Computer system 700 includes one or more processors, such as processor 704. The processor 704 is connected to a communication infrastructure 706 (e.g., a communications bus, cross-over bar, or network). Various software aspects are described in terms of this example computer system. After reading this description, it will become apparent to a person skilled in the relevant art(s) how to implement aspects of the disclosure using other computer systems and/or architectures.
Computer system 700 may include a display interface 702 that forwards graphics, text, and other data from the communication infrastructure 706 (or from a frame buffer not shown) for display on a display unit 730. Computer system 700 also includes a main memory 708, preferably random access memory (RAM), and may also include a secondary memory 710. The secondary memory 710 may include nonvolatile memory, for example, a hard disk drive 712, flash memory and/or a removable storage drive 714, representing a floppy disk drive, a magnetic tape drive, an optical disk drive, etc. The removable storage drive 714 reads from and/or writes to a removable storage unit 718 in a well-known manner. Removable storage unit 718, represents a USB memory drive, SD card, floppy disk, magnetic tape, optical disk, etc., which is read by and written to removable storage drive 714. As will be appreciated, the removable storage unit 718 includes a computer usable storage medium having stored therein computer software and/or data.
In alternative aspects, secondary memory 710 may include other similar devices for allowing computer programs or other instructions to be loaded into computer system 700. Such devices may include, for example, a removable storage unit 722 and an interface 720. Examples of such may include a program cartridge and cartridge interface (such as that found in video game devices), a removable memory chip (such as an erasable programmable read only memory (EPROM), or programmable read only memory (PROM)) and associated socket, and other removable storage units 722 and interfaces 720, which allow software and data to be transferred from the removable storage unit 722 to computer system 700.

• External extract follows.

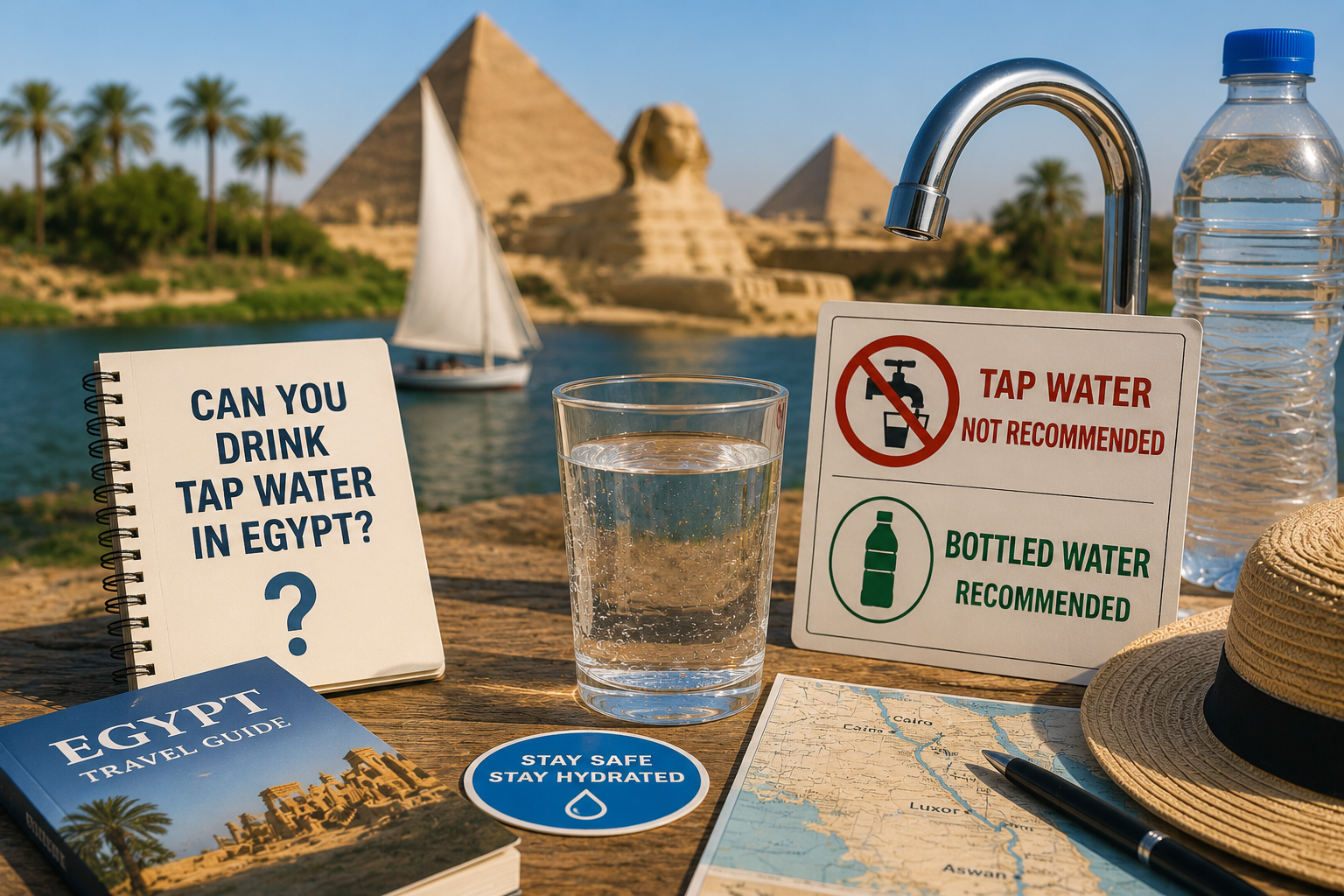 ¿Se puede beber agua del grifo en Egipto?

Computer system 700 may also include a communications interface 724. Communications interface 724 allows software and data to be transferred between computer system 700 and external devices. Examples of communications interface 724 may include a modem, a network interface (such as an Ethernet card), a communications port, a Personal Computer Memory Card International Association (PCMCIA) slot and card, etc. Software and data transferred via communications interface 724 are in the form of signals 728, which may be electronic, electromagnetic, optical or other signals capable of being received by communications interface 724. These signals 728 are provided to communications interface 724 via a communications path (e.g., channel) 726. This path 726 carries signals 728 and may be implemented using wire or cable, fiber optics, a telephone line, a cellular link, a radio frequency (RF) link and/or other communications channels. In this document, the terms “computer program medium” and “computer usable medium” are used to refer generally to media such as a removable storage drive 714, a hard disk installed in hard disk drive 712, and signals 728. These computer program products provide software to the computer system 700. Aspects of the disclosure are directed to such computer program products.

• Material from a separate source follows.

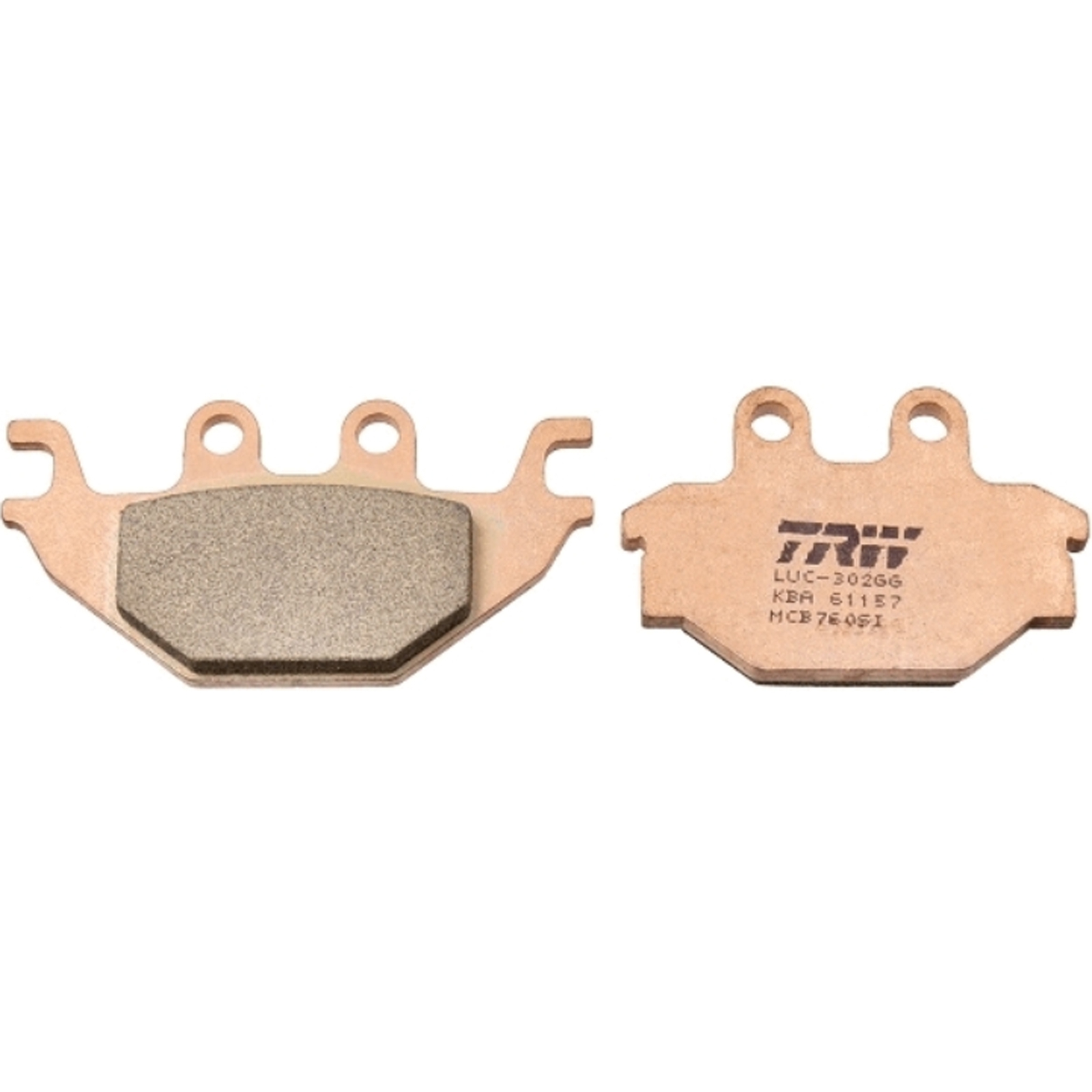 TRW MCB760SI Sintermetall Bremsbeläge für Kymco Maxxer MXU UXV Kawasaki KVF SYM Yamaha YZF-R MT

Computer programs (also referred to as computer control logic) are stored in main memory 708 and/or secondary memory 710. Computer programs may also be received via communications interface 724. Such computer programs, when executed, enable the computer system 700 to perform various features in accordance with aspects of the present disclosure, as discussed herein. In particular, the computer programs, when executed, enable the processor 704 to perform such features. Accordingly, such computer programs represent controllers of the computer system 700.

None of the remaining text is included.